Naturally, I and therefore Black Ivory Tower as a whole are out of touch with the world. I am oblivious to people making demands or metal scenes deciding what’s cool or not, so I will not have the dubious honour of catering to either group. Why yes, I do feel cool and special about this defiance, but that’s not the point. I am a lazy writer and music listener, and I would prefer to listen to the same amazing album for the 50th time over having the goddamn common courtesy of responding in high spirits to that uncalled for promo request, telling them that yes, I will indeed happily oblige myself to give these rad new thrash maniac warriors from Gilipollas, CA a try. You scratch my back, I’ll fall asleep on yours.
In spite of my distance from the metal scene and the ever-fading hope of me becoming a prolific writer, I have managed to cram some of my musical ruminations into one bite-sized article with all the features that water it down to the point where it can compete with all the mundane shit that’s just about to ooze out of the ebola-ridden pores of the metal press. It’s a listicle, it talks about the best albums of 2014, and there are 10 albums to keep everything organised and divisible by 2 to satisfy the inherently autistic metalverse. To top it off, I also used the suffix ‘-verse’ somewhere in the article.
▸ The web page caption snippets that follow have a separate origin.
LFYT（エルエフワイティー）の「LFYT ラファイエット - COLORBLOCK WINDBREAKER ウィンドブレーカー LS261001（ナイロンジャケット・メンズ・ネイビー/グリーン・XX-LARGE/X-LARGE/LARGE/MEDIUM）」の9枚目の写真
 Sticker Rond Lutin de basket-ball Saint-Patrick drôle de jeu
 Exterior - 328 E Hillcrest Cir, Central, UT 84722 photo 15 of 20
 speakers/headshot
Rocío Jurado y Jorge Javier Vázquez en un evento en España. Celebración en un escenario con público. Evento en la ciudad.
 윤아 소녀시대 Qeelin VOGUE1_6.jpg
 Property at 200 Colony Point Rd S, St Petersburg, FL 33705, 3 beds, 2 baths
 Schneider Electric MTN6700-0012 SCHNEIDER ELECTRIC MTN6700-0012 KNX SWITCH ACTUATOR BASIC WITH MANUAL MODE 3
The only difference? These are my personal favourite metal albums I listened to in 2014, and I don’t care when they were released. Enjoy, Rain Man.
Kamaedzitca – Bezmolvnie slova tvoy (Voiceless are your words)
Many things have already been said about this album. Mostly by myself. If you somehow managed to miss out on the giant review I wrote for it, or the extra words I dedicated to this release in our beloved magazine, it will suffice to say this is an album that you never saw coming. Emerging from a scene that is a potpourri of Soviet-era subcultural relics, political activism and transmogrified Western aesthetics, Voiceless are your words is an aural chrestomathy that keeps throwing you off your guard all along its 75-minute running time. Whether it is the poeticism of the title track, the goofiness of “Straight Edge Sport”, or the supreme vocal delivery on “Ocean of loneliness”, Kamaedzitca establish themselves as masters of all trades, fuck-ups of none. The leitmotifs of urban melancholy and cosmic contemplation run throughout this album with a continuity commensurate with the band members’ gym visits, the latter of which helps them maintain a posture that enables them to kick your scrawny ass if you do wrong by them.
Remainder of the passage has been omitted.